▶ The problem:
Set down the data below in full and exactly, minus the pictures.

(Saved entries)
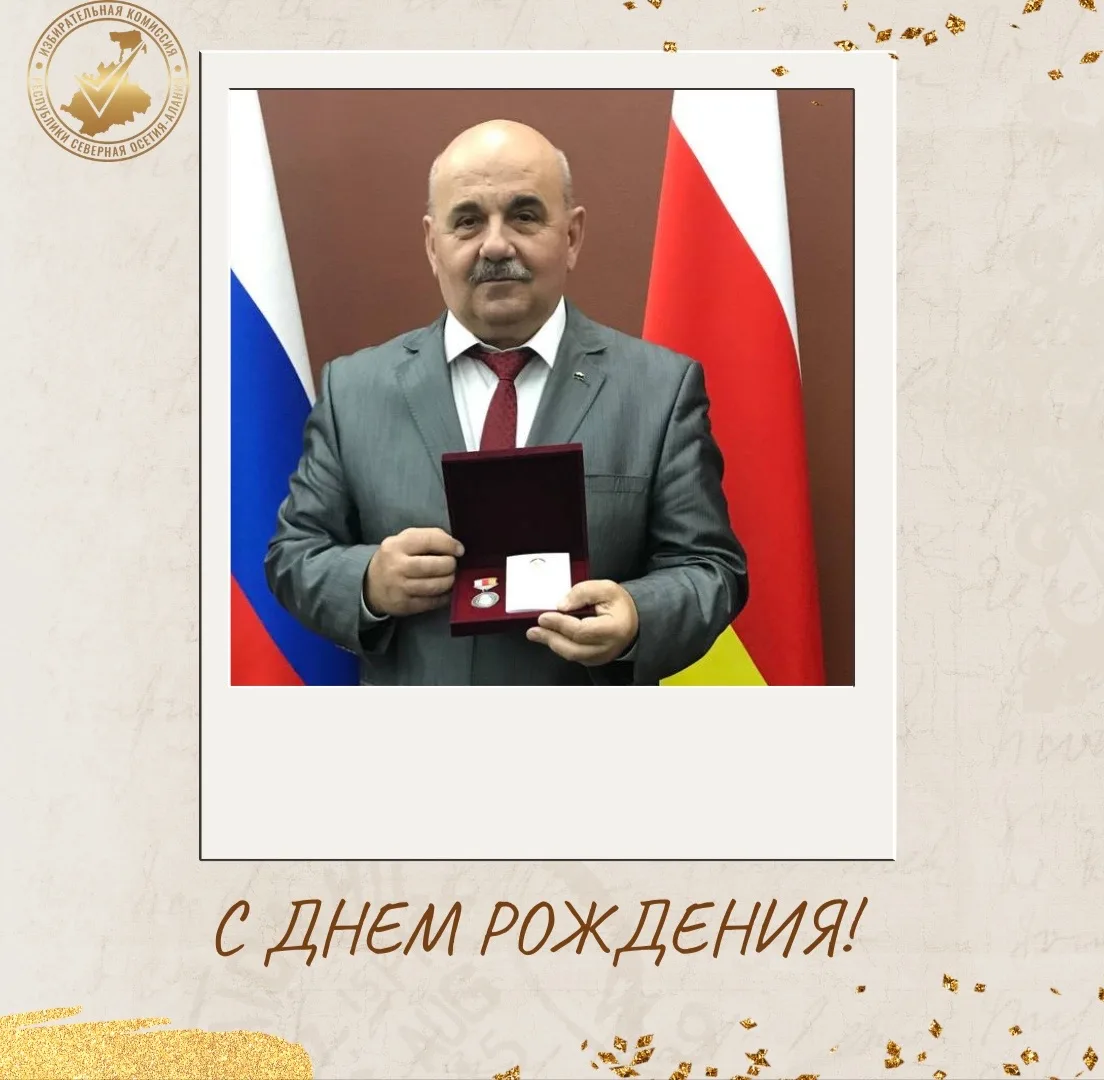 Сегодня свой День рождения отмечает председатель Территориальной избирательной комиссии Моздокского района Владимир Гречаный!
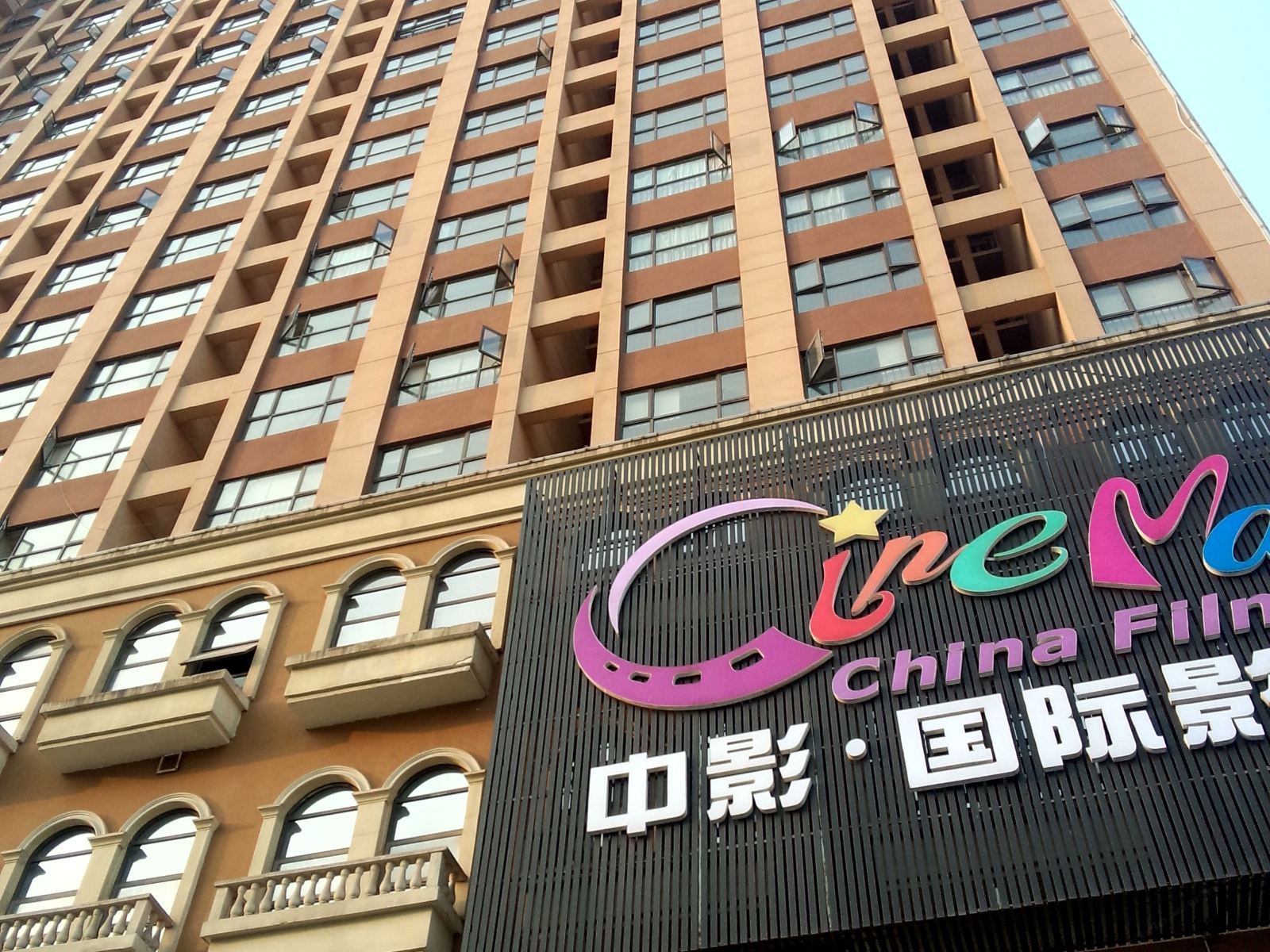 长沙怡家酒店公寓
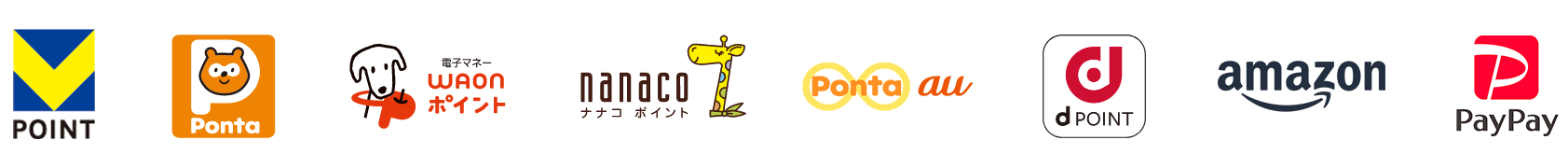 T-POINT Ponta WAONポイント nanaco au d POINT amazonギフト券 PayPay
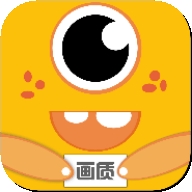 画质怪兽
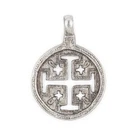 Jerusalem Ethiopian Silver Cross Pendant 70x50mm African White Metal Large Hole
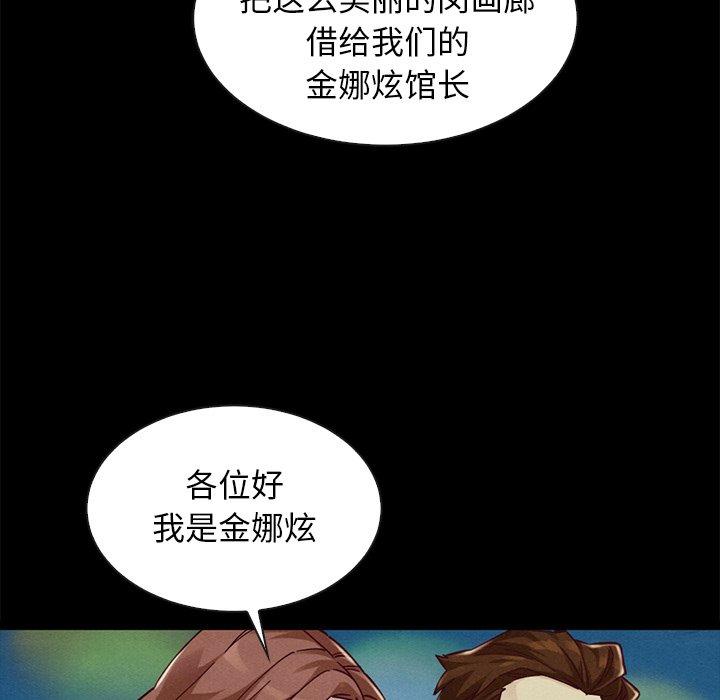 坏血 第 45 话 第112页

▶ Solved exercise:
 Сегодня свой День рождения отмечает председатель Территориальной избирательной комиссии Моздокского района Владимир Гречаный!
 长沙怡家酒店公寓
 T-POINT Ponta WAONポイント nanaco au d POINT amazonギフト券 PayPay
 画质怪兽
 Jerusalem Ethiopian Silver Cross Pendant 70x50mm African White Metal Large Hole
 坏血 第 45 话 第112页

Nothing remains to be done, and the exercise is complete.